La donnée : Une arme législative massive
Le concept repose sur une rigueur quasi scientifique. En analysant systématiquement la typologie des objets trouvés sur le littoral, Surfrider constitue une base de données redoutable. Ce ne sont plus des sacs poubelles anonymes, mais des statistiques exploitables. C’est d’ailleurs cette méthode de « preuve par le terrain » qui avait permis d’obtenir l’interdiction des pailles en plastique, prouvant que la donnée est le levier le plus puissant pour changer les lois.

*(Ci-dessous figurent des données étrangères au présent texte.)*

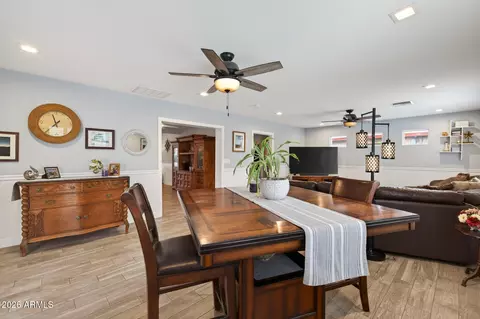 Dining - 5627 N 12th Ave, Phoenix, AZ 85013 photo 1 of 2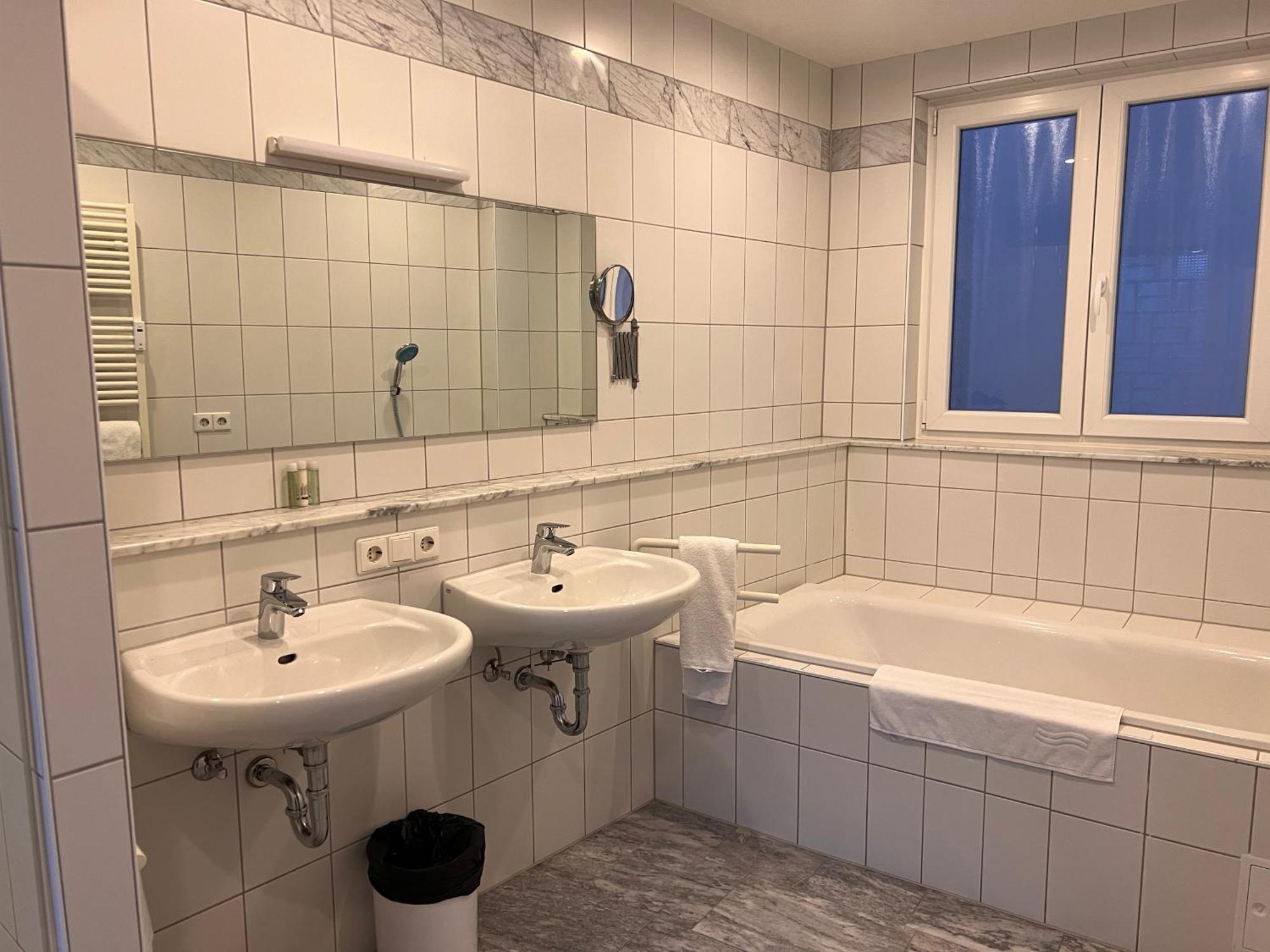 Gasthof Kreuz Bad Waldsee Esterno foto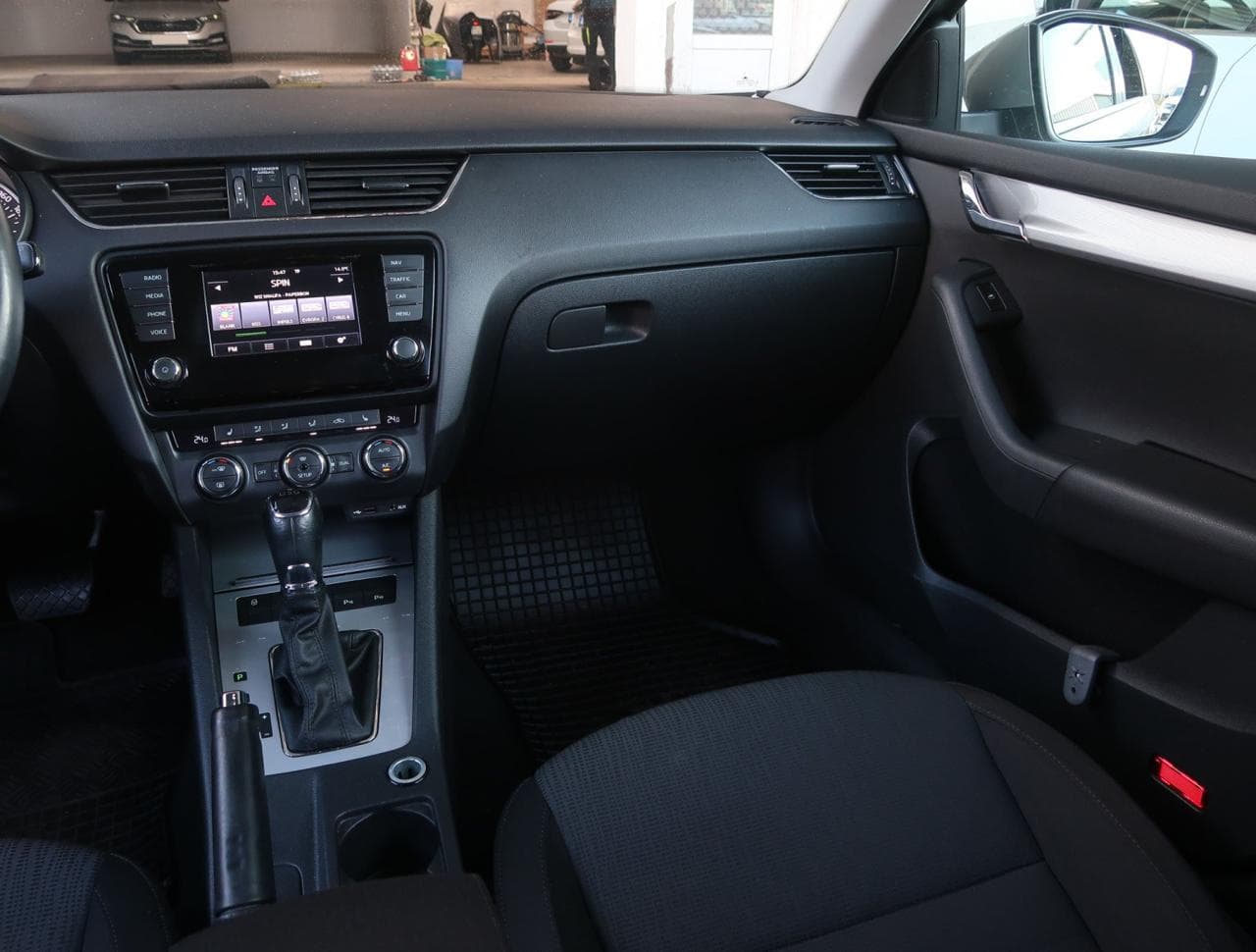 2013 Škoda OCTAVIA - 11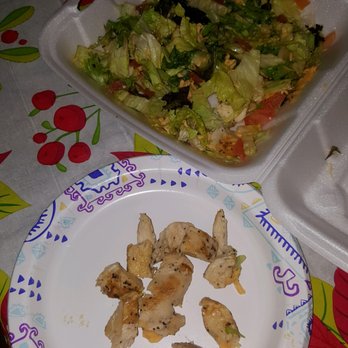 Pressley Park Restaurant - a plate of chicken and salad - Breakfast & Brunch Near Me - Charlotte, North Carolina Pressley Park Restaurant - a plate of chicken and salad - Breakfast & Brunch Near Me - Charlotte, North Carolina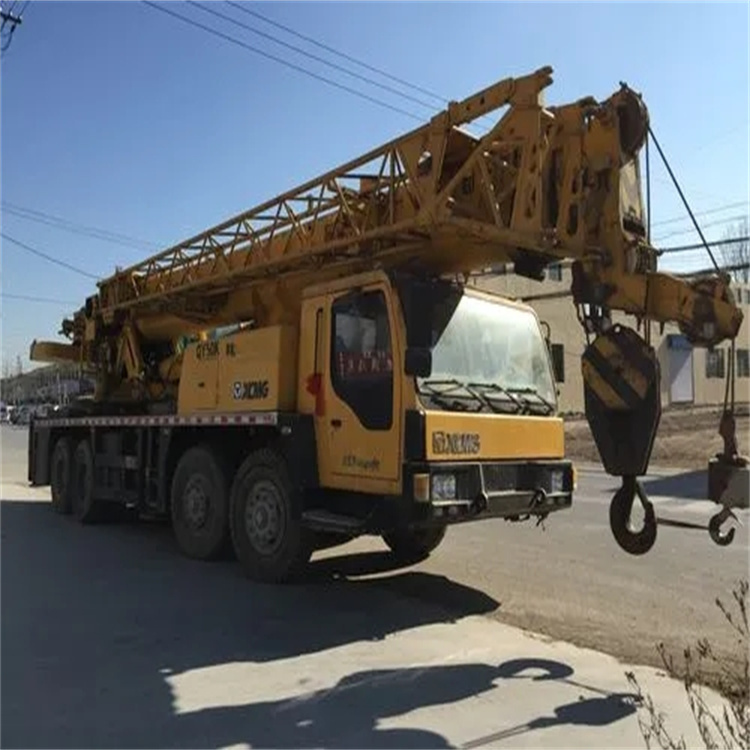 孝感哪里有专业吊车出租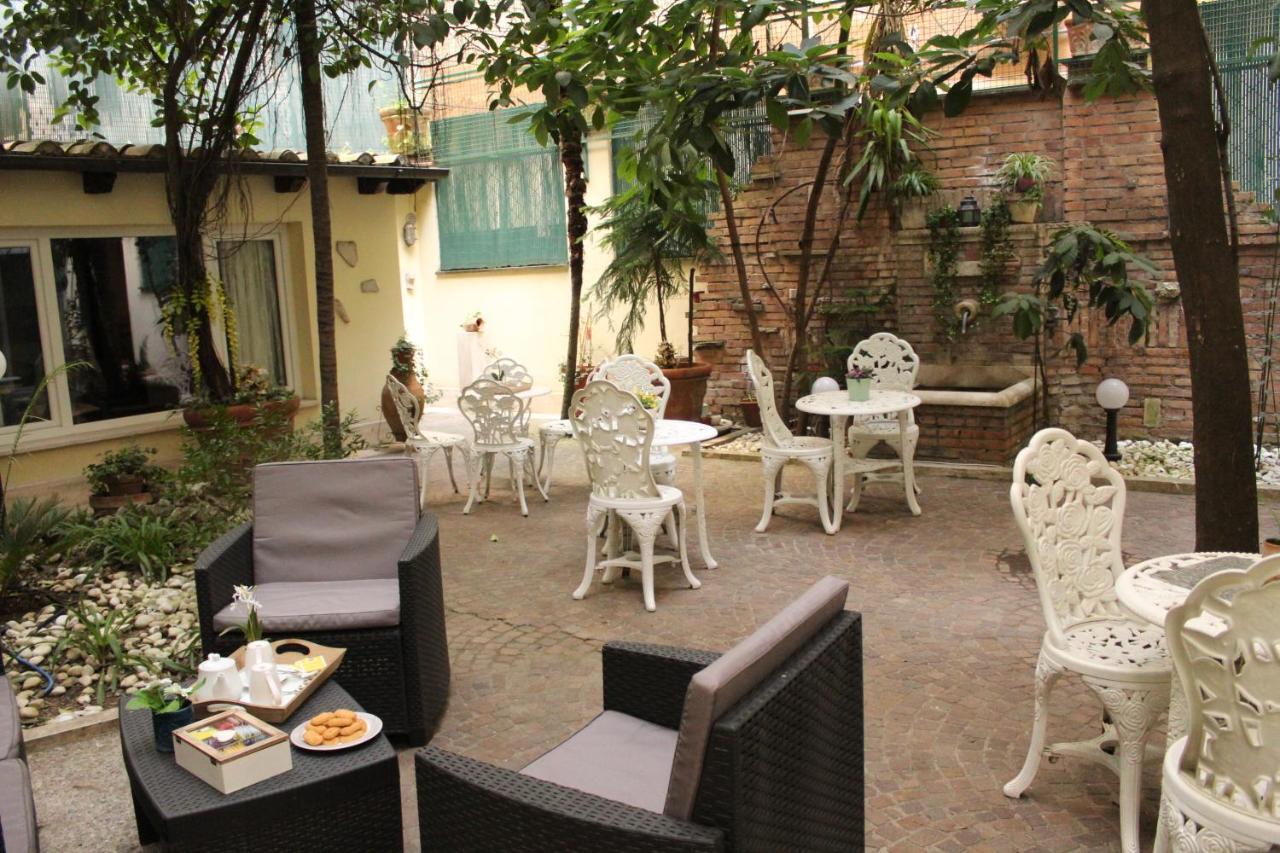 Domus Dea B&B Roma Exterior foto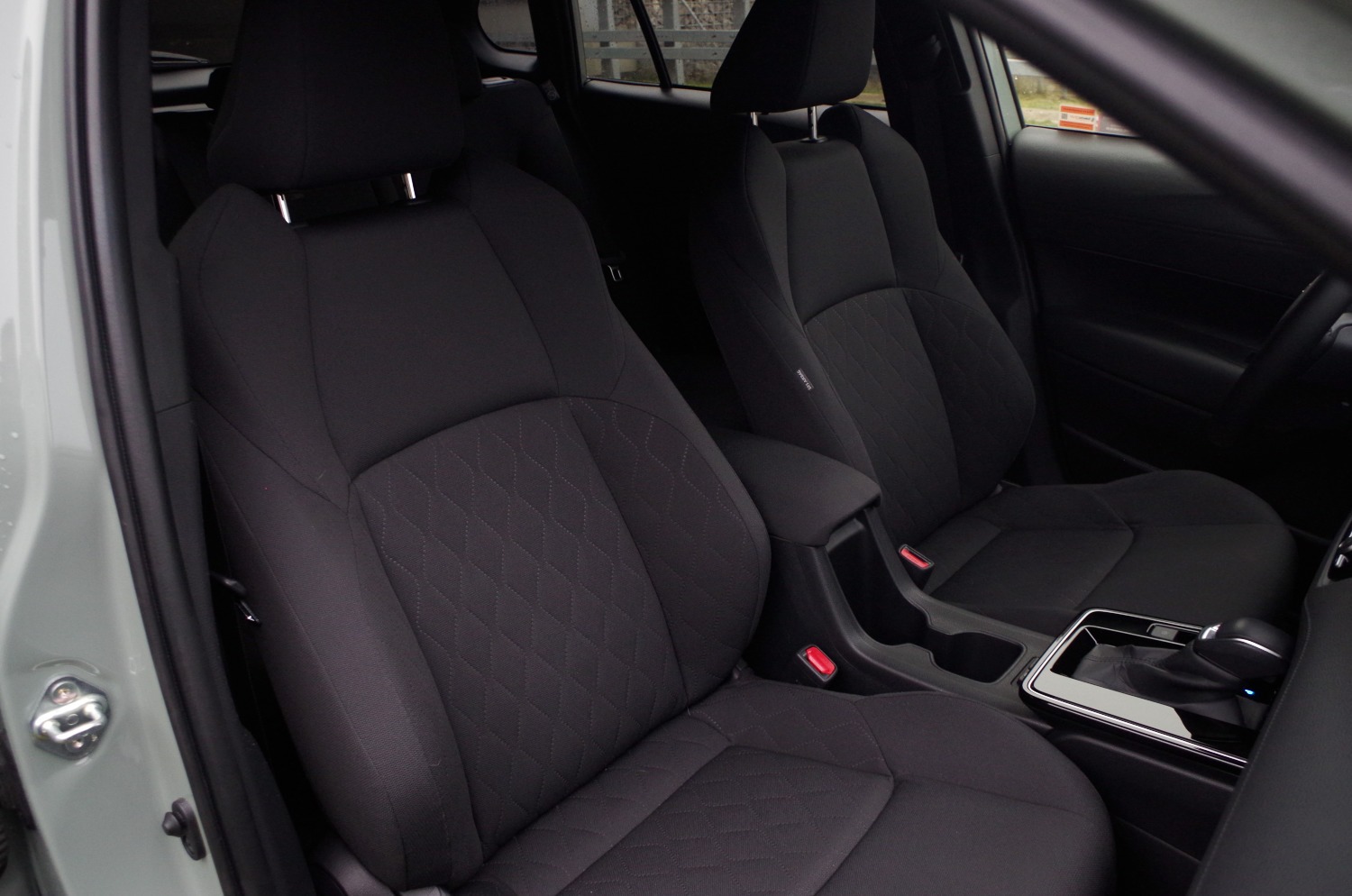 Toyota-Corolla-Cross-1.8-Hybrid-140-KM-4X2-Style-B42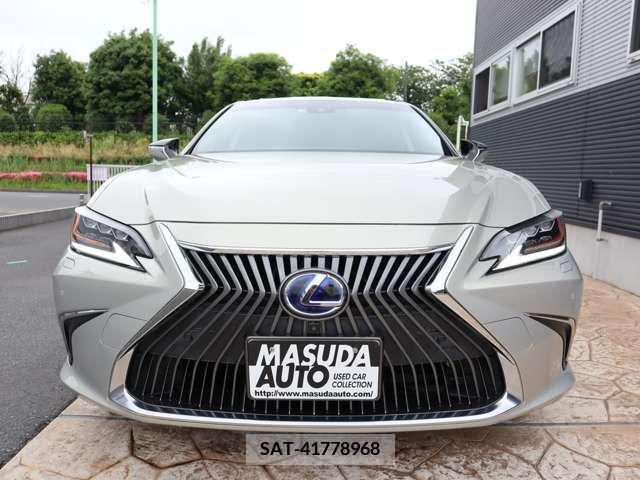 Lexus ES 2019-06 300393-1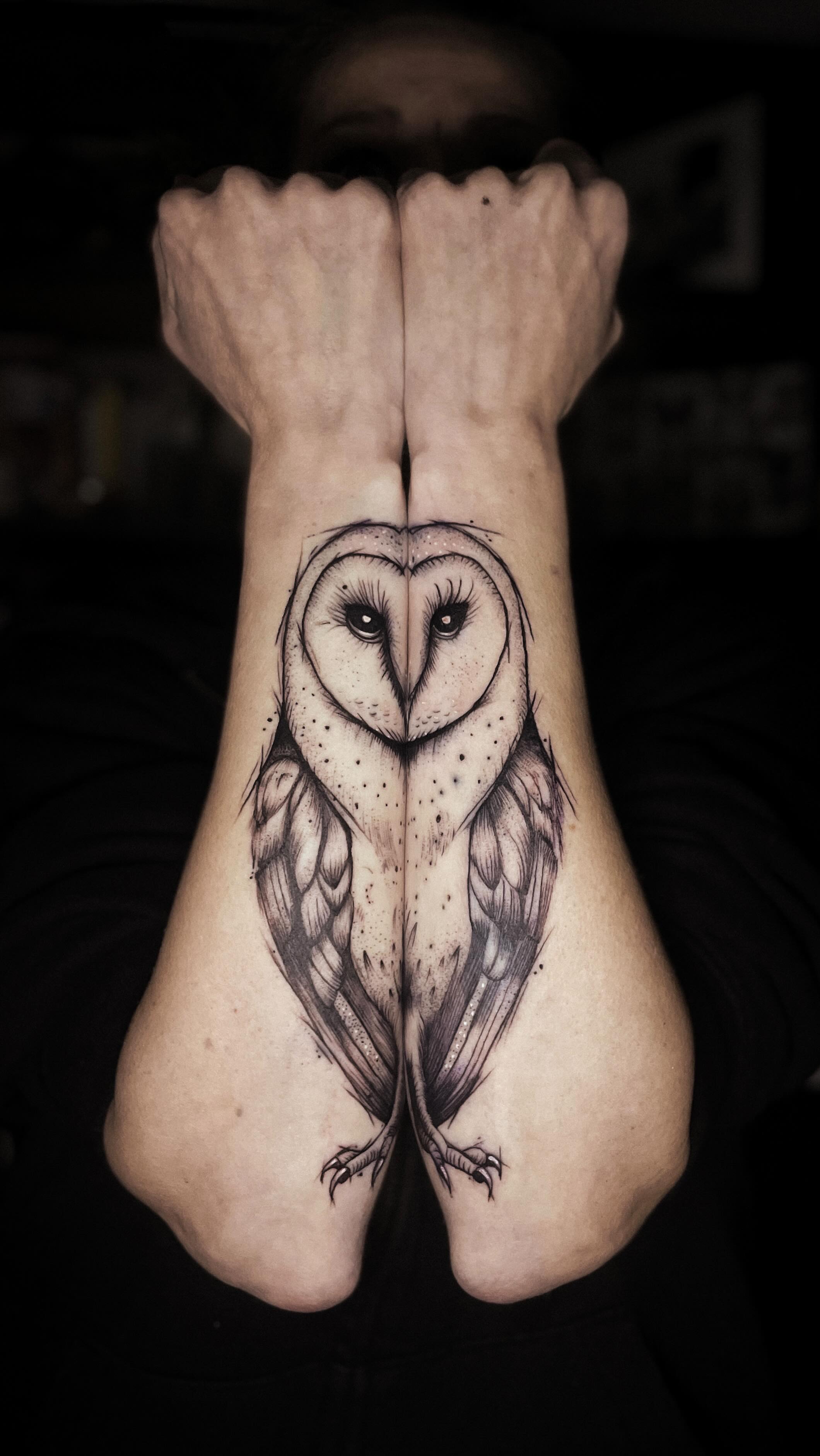 ✨LA CHOUETTE EFFRAIE DE SARAH✨
J’adore les chouettes, et j’adore les challenges ! Sarah avait envie d’une petite effraie sur les avant-bras, et on s’est amusées sur le placement ! Ce que l’histoire ne dit pas, c’est que le plus compliqué a été de faire la vidéo ! 🤩
Tu en penses quoi ? ☺️
#praxiis #blackwork #owltattoo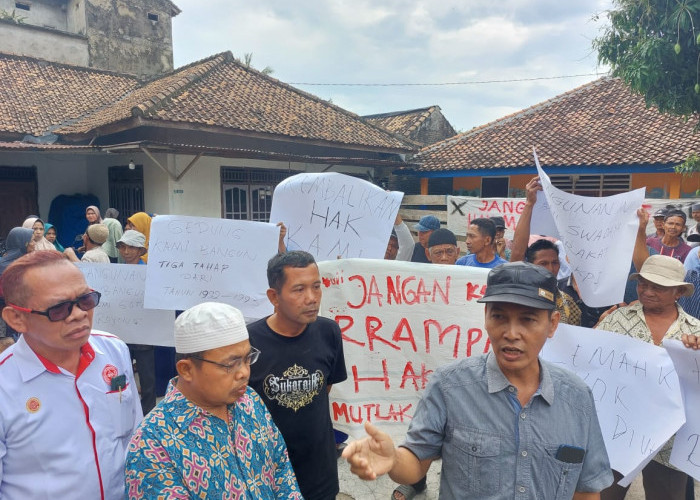 Tanah dan Bangunan RA Diklaim Pihak Yayasan, Masyarakat Kampung I Gelar Aksi Protes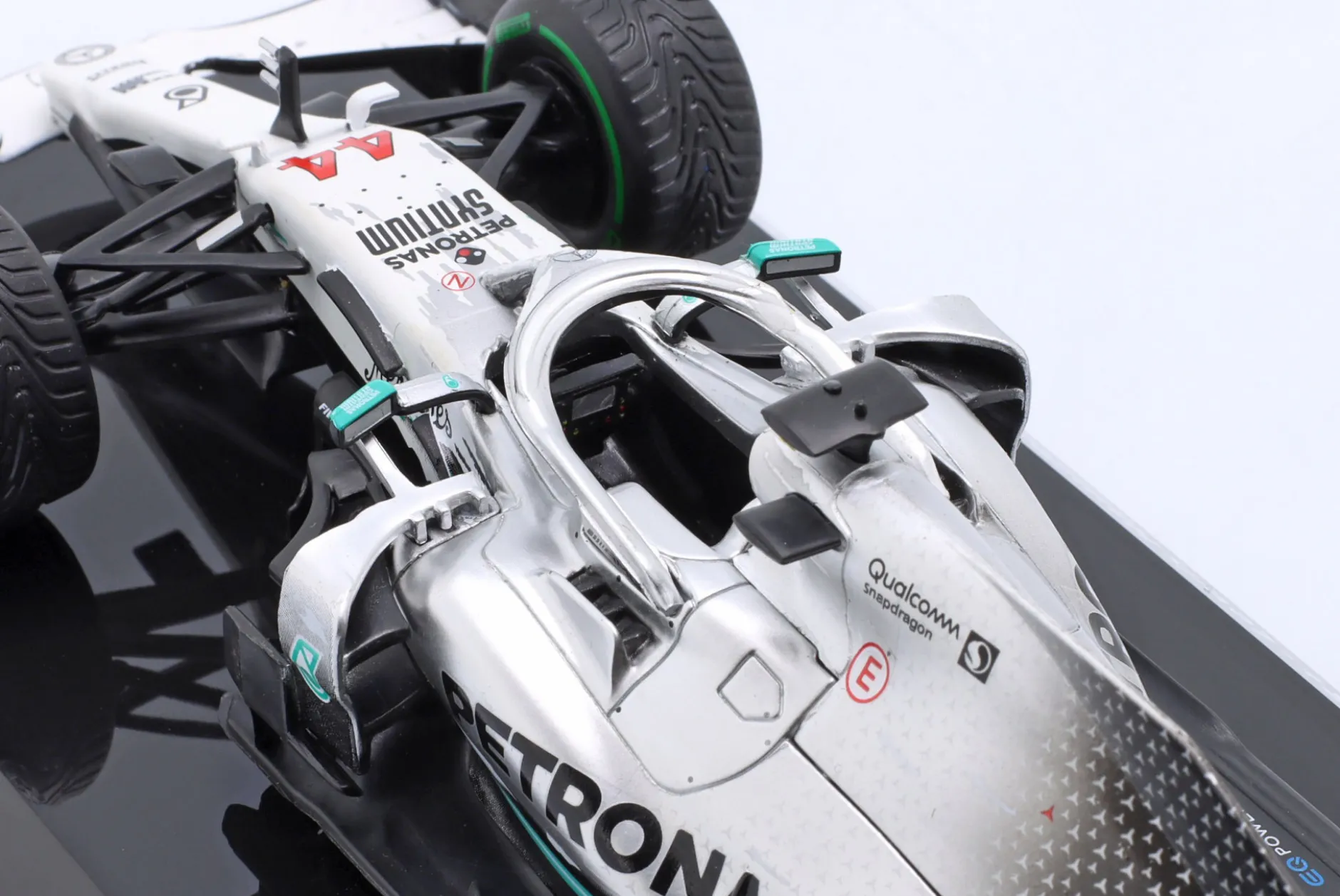 L. Hamilton Mercedes-AMG F1 W10 #44 Deutschland GP F1 Weltmeister 2019 1:24 Premium Collectibles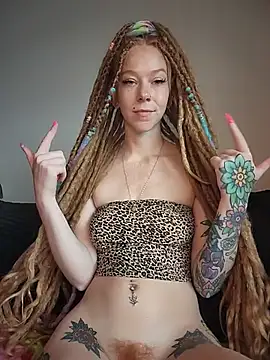 LucidLucy 🔬 naked cam chat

Une esthétique de polar pour briser la fatigue écologique
Pour rendre cette démarche percutante, la campagne mise sur l’univers de la bande dessinée policière. À travers trois films d’animation 2D réalisés par Romain Collette, les déchets deviennent des indices que l’on fait parler. Loin des images chocs habituelles, le ton est humoristique et décalé. Ce choix artistique permet de capter l’attention sur un sujet saturé en utilisant les codes du divertissement pour faire passer un message de fond.
Du citoyen au détective environnemental
Déployée depuis le 2 avril 2026, la campagne réussit à dédramatiser l’acte de ramassage tout en soulignant son importance stratégique. En s’éloignant des paysages marins traditionnels pour un univers graphique urbain et nocturne, Surfrider réaffirme son rôle d’expert. Chaque citoyen devient un maillon d’une enquête globale, documentant le crime environnemental pour exiger des changements de réglementations concrets.

Finalement, avec Retrace ! Surfrider prouve que pour combattre un ennemi souvent invisible, il faut apprendre à lire les traces qu’il laisse derrière lui. C’est une masterclass de communication engagée qui redonne du pouvoir à l’action collective : ramasser devient un acte politique, et chaque donnée collectée est un pas de plus vers un océan propre.